When it rains or when water flows off of properties, it gets collected by the storm drain system. All water that enters the storm drain system flows untreated directly into our creeks, rivers, bays and ocean — along with the pollutants it carries. Trash, debris, sediment, chemicals and other pollutants have the potential to enter our waterways every day if not properly controlled and contained.
Keeping pollutants out of storm drains helps preserve our environment and improve water quality. It can also help you avoid costly fines related to the illegal discharge of pollutants into the storm drain system (San Diego Municipal Code §43.0301).
Business Inspection Program
The City of San Diego conducts inspections of industrial and commercial facilities and treatment control best management practices within the city limits. Inspections are mandated by the Municipal Separate Storm Sewer System Permit (MS4) (Order No. R9-2013-0001) and the Municipal Code (§43.03).
City inspectors will examine facilities and/or treatment control best managemetn practices and give suggestions to help with storm water permit compliance, and recommend additional ways to reduce the potential for release of pollutants.
Storm Drain Stenciling Program
Place signage in visible areas near storm drain inlets, reminding employees not to allow liquids or other pollutants into the storm water system. City of San Diego storm drain stenciling kits are available from I Love A Clean San Diego.
Construction Site Best Management Practices
Best management practices must be properly used at all construction sites in the City of San Diego to protect water quality and minimize pollution. To stay in compliance with the law and keep your projects on schedule, make sure best management practices are implemented and maintained year round.
- Clean Construction - A Storm Water Pollution Prevention Guide for the Construction Industry
- Construction Site Best Management Practices Poster
- Best Management Practices and Discharge Enforcement Responsibilities at Construction Sites
- Construction Waste Best Management Practices Fact Sheet
Low Impact Development
Low Impact Development is a storm water best management practice that mimics natural hydrologic processes to treat and control storm water. These practices can help designers, architects, planners and engineers design projects that better manage storm water runoff and prevent pollution on private, commercial or industrial properties.
Low Impact Development Fact Cards
- Cisterns and Rain Barrels
- Infiltration Trench
- Permeable Pavement
- Planter Boxes
- Vegetated Filter Strips
- Vegetated Swale
For more detailed descriptions of Low Impact Development best management practices, please review the San Diego Low Impact Development Design Manual.

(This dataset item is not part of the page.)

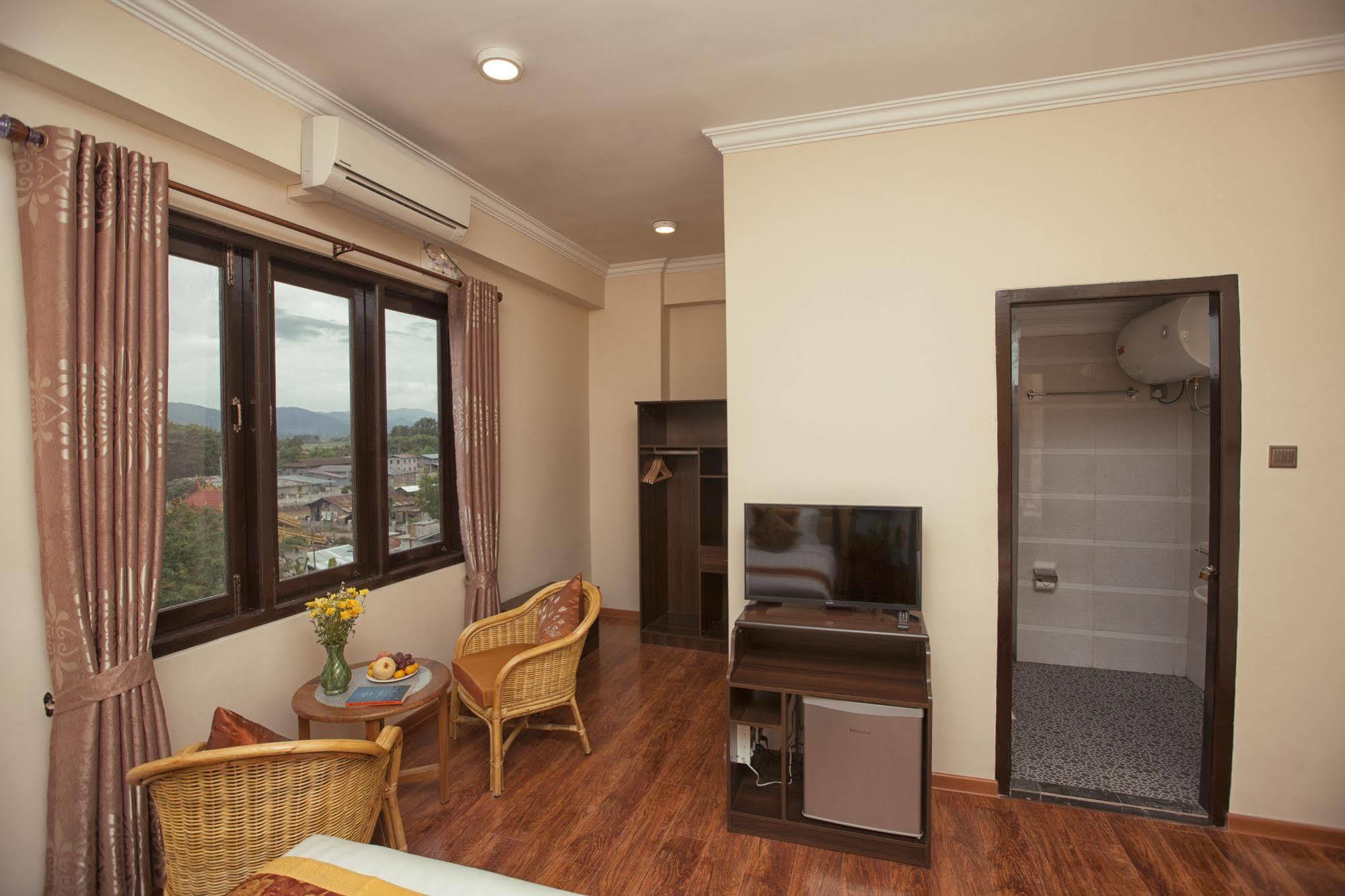 The Hotel Emperor-Inle Nyaung Shwe Exterior foto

Low Impact Development Map
We’ve researched good examples of Low Impact Development design within the City of San Diego and included them on the map below so that you can see for yourself how these treatment control structures work in real situations. If you are aware of an outstanding example of Low Impact Development design that was not included on this map, please, let us know about it. Contact us at: [email protected]
- Low Impact Development Map
- List of Current Low Impact Development Locations
- Low Impact Development Online Map
Sustainable landscapes apply water conservation design techniques to reduce outdoor water use, decrease the need for landscape chemicals and minimize the amount of urban runoff that enters the storm drain system. When you switch to a native landscape, apply rainwater harvesting methods and install efficient irrigation systems, you can create a sustainable landscape that is both enjoyable and improves water quality.
Integrated Pest Management
Flood Prevention Tips
Compared to other cities, the volume of rainfall in San Diego may not seem like a big deal — but it is. Trash, debris and other types of pollution can get carried along with the rain water into the storm drain system and into our local waterways. San Diego’s rainy season is Oct. 1 through April 30.
You can help reduce flooding and storm water pollution by following these helpful tips:
- Keep storm drains clear.
Reduce flooding by sweeping regularly and clearing away debris, such as trash, leaves or sediment that might clog the storm drain.
- Keep your property clean.
Reduce flooding and pollution by cleaning curbs, gutters, alleys and parking in and around your business.
- Have a Flood Plan.
Train your employees about properly storing and securing materials in the event of rain.
- Be Prepared.
Use sand bags and other barriers to keep rain out and prevent pollutants from being released.
Rain needs to flow freely into storm drain inlets and away from commercial areas. Reduce flood risk near your business and keep our beaches and bays clean.